- Data architecture
Data Architecture in enterprise architecture is the design of data for use in defining the target state and the subsequent planning needed to achieve the target state. It is usually one of several architecture domains that form the pillars of an enterprise architecture or solution architecture.
A data architecture describes the data structures used by a business and/or its applications. There are descriptions of data in storage and data in motion; descriptions of data stores, data groups and data items; and mappings of those data artifacts to data qualities, applications, locations etc.
Essential to realizing the target state, Data Architecture describes how data is processed, stored, and utilized in a given system. It provides criteria for data processing operations that make it possible to design data flows and also control the flow of data in the system.
The Data Architect is responsible for defining the target state, alignment during development and then minor follow up to ensure enhancements are done in the spirit of the original blueprint.
During the definition of the target state, the Data Architecture breaks a subject down to the atomic level and then builds it back up to the desired form. The Data Architect breaks the subject down by going through 3 traditional architectural processes:
- Conceptual - represents all business entities.
- Logical - represents the logic of how entities are related.
- Physical - the realization of the data mechanisms for a specific type of functionality.
The "data" column of the Zachman Framework for enterprise architecture –
Layer View Data (What) Stakeholder 1 Scope/Contextual List of things important to the business (subject areas) Planner 2 Business Model/Conceptual Semantic model or Conceptual/Enterprise Data Model Owner 3 System Model/Logical Enterprise/Logical Data Model Designer 4 Technology Model/Physical Physical Data Model Builder 5 Detailed Representations/ out-of-context Data Definition Subcontractor
In this second, broader sense, data architecture includes a complete analysis of the relationships between an organization's functions, available technologies, and data types.
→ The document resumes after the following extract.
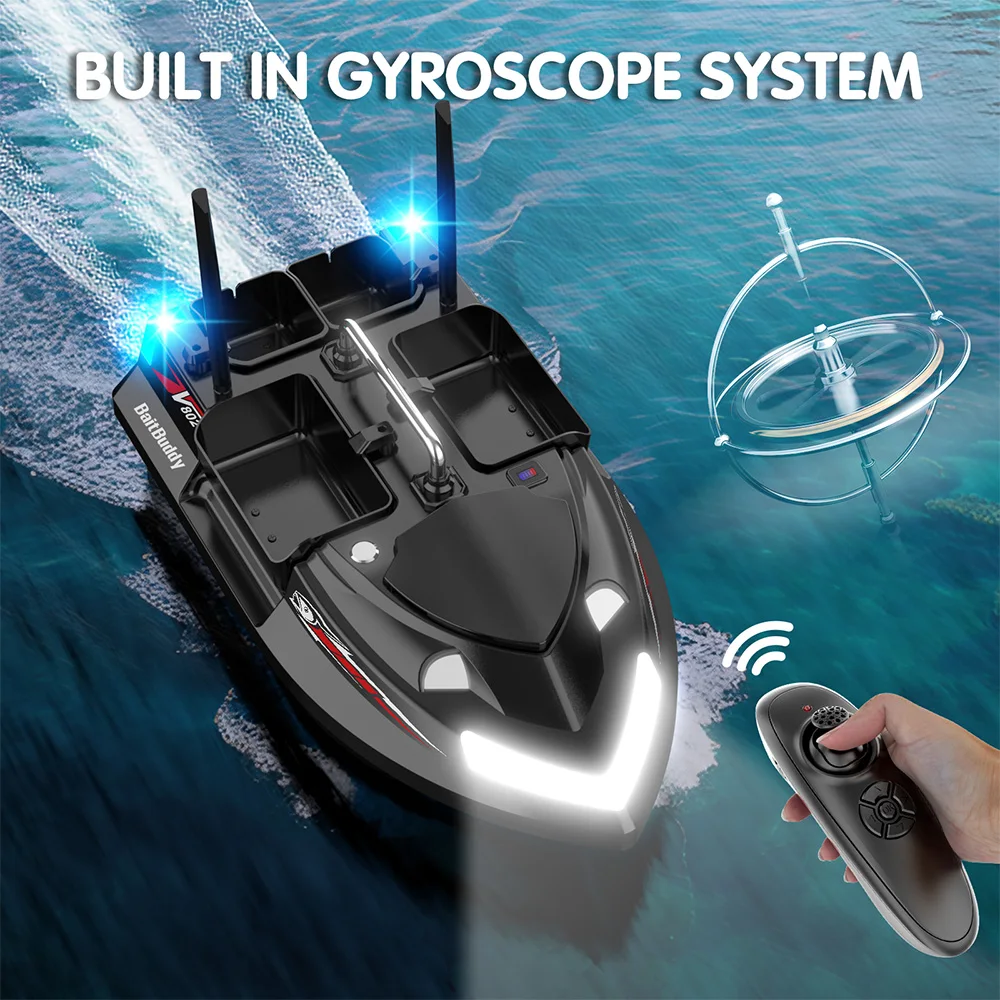 4 Hoppers 3KG Loading Capacity With 500M Large RC Fishing Bait Boat Dual Antenna Fixed Speed Cruise Remote Control Nesting Boat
Data architecture should be defined in the planning phase of the design of a new data processing and storage system. The major types and sources of data necessary to support an enterprise should be identified in a manner that is complete, consistent, and understandable. The primary requirement at this stage is to define all of the relevant data entities, not to specify computer hardware items. A data entity is any real or abstracted thing about which an organization or individual wishes to store data.
Data Architecture Topics
Physical data architecture
Physical data architecture of an information system is part of a technology plan. As its name implies, the technology plan is focused on the actual tangible elements to be used in the implementation of the data architecture design. Physical data architecture encompasses database architecture. Database architecture is a schema of the actual database technology that will support the designed data architecture.
Elements of data architecture
There are certain elements that must be defined as the data architecture schema of an organization is designed. For example, the administrative structure that will be established in order to manage the data resources must be described. Also, the methodologies that will be employed to store the data must be defined. In addition, a description of the database technology to be employed must be generated, as well as a description of the processes that will manipulate the data. It is also important to design interfaces to the data by other systems, as well as a design for the infrastructure that will support common data operations (i.e. emergency procedures, data imports, data backups, external transfers of data).
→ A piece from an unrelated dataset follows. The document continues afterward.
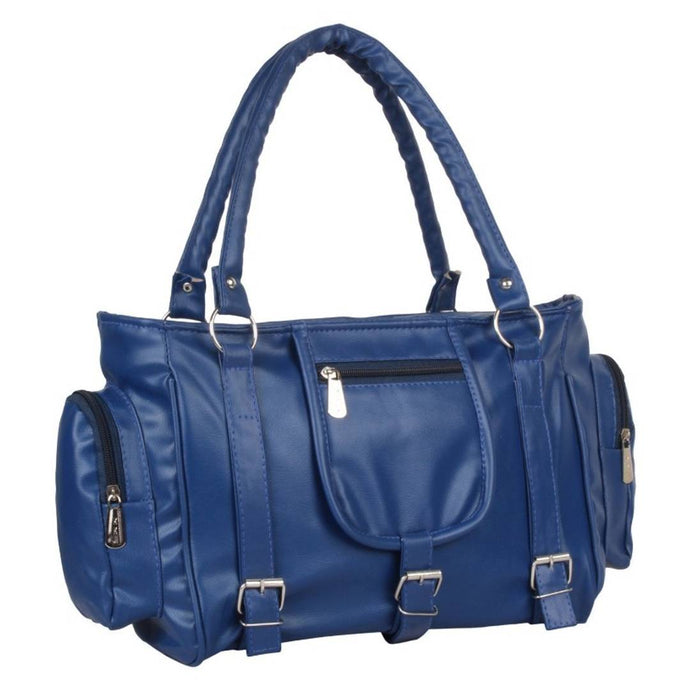 Stylish Choice Navy Blue PU Handbag With 2 Compartment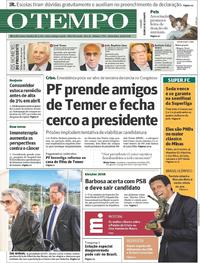 Capa do jornal O Tempo 30/03/2018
Without the guidance of a properly implemented data architecture design, common data operations might be implemented in different ways, rendering it difficult to understand and control the flow of data within such systems. This sort of fragmentation is highly undesirable due to the potential increased cost, and the data disconnects involved. These sorts of difficulties may be encountered with rapidly growing enterprises and also enterprises that service different lines of business (e.g. insurance products).
Properly executed, the data architecture phase of information system planning forces an organization to specify and delineate both internal and external information flows. These are patterns that the organization may not have previously taken the time to conceptualize. It is therefore possible at this stage to identify costly information shortfalls, disconnects between departments, and disconnects between organizational systems that may not have been evident before the data architecture analysis.
Constraints and influences
Various constraints and influences will have an effect on data architecture design. These include enterprise requirements, technology drivers, economics, business policies and data processing needs.
- Enterprise requirements
- These will generally include such elements as economical and effective system expansion, acceptable performance levels (especially system access speed), transaction reliability, and transparent management of data. In addition, the conversion of raw data such as transaction records and image files into more useful information forms through such features as data warehouses is also a common organizational requirement, since this enables managerial decision making and other organizational processes. One of the architecture techniques is the split between managing transaction data and (master) reference data. Another one is splitting data capture systems from data retrieval systems (as done in a data warehouse).
- Technology drivers
- These are usually suggested by the completed data architecture and database architecture designs. In addition, some technology drivers will derive from existing organizational integration frameworks and standards, organizational economics, and existing site resources (e.g. previously purchased software licensing).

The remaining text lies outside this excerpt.